YOUR TASK:
Below are some records; output exactly the lines from the line with "Vendo Guarda roupa usado" to the line with "Büyük Buda Wat", both ends kept, and nothing more.

[INFORMATION]

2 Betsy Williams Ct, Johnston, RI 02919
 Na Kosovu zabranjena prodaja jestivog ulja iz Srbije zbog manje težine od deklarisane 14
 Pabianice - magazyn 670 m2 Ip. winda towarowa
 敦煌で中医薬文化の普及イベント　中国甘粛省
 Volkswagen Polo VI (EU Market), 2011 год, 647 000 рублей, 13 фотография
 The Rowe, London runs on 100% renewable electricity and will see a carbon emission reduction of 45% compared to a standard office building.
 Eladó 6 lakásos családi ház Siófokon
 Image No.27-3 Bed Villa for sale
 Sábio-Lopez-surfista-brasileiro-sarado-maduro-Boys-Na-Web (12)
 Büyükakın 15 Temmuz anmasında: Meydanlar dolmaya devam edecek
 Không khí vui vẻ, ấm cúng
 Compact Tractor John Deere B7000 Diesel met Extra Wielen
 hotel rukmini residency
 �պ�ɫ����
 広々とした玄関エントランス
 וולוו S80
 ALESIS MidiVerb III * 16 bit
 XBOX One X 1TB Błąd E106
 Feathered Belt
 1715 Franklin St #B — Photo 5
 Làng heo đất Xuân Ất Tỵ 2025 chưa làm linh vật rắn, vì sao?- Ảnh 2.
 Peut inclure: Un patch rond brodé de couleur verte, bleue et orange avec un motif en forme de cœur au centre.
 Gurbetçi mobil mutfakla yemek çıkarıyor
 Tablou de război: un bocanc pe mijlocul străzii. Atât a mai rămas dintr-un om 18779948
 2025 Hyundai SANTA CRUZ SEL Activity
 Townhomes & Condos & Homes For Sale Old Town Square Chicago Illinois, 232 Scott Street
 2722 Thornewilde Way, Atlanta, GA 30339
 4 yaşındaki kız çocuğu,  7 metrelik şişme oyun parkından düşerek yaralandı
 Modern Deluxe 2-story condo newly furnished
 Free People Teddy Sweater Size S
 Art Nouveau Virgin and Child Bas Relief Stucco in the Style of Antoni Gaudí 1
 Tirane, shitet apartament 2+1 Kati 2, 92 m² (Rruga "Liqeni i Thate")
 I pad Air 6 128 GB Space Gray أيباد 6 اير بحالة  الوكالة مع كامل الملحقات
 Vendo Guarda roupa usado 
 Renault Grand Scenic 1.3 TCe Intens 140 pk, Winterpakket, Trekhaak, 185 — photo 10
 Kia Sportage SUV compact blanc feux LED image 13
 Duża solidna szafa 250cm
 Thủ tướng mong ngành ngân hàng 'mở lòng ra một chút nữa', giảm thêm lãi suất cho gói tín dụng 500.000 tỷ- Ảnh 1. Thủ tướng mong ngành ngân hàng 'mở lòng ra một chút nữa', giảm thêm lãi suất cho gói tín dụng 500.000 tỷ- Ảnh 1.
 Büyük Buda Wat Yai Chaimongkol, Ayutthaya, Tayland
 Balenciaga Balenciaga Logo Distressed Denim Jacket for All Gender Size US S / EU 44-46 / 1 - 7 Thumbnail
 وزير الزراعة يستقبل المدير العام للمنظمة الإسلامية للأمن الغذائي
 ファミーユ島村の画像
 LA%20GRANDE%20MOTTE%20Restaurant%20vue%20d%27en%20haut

[/INFORMATION]

TASK RESPONSE:
 Vendo Guarda roupa usado 
 Renault Grand Scenic 1.3 TCe Intens 140 pk, Winterpakket, Trekhaak, 185 — photo 10
 Kia Sportage SUV compact blanc feux LED image 13
 Duża solidna szafa 250cm
 Thủ tướng mong ngành ngân hàng 'mở lòng ra một chút nữa', giảm thêm lãi suất cho gói tín dụng 500.000 tỷ- Ảnh 1. Thủ tướng mong ngành ngân hàng 'mở lòng ra một chút nữa', giảm thêm lãi suất cho gói tín dụng 500.000 tỷ- Ảnh 1.
 Büyük Buda Wat Yai Chaimongkol, Ayutthaya, Tayland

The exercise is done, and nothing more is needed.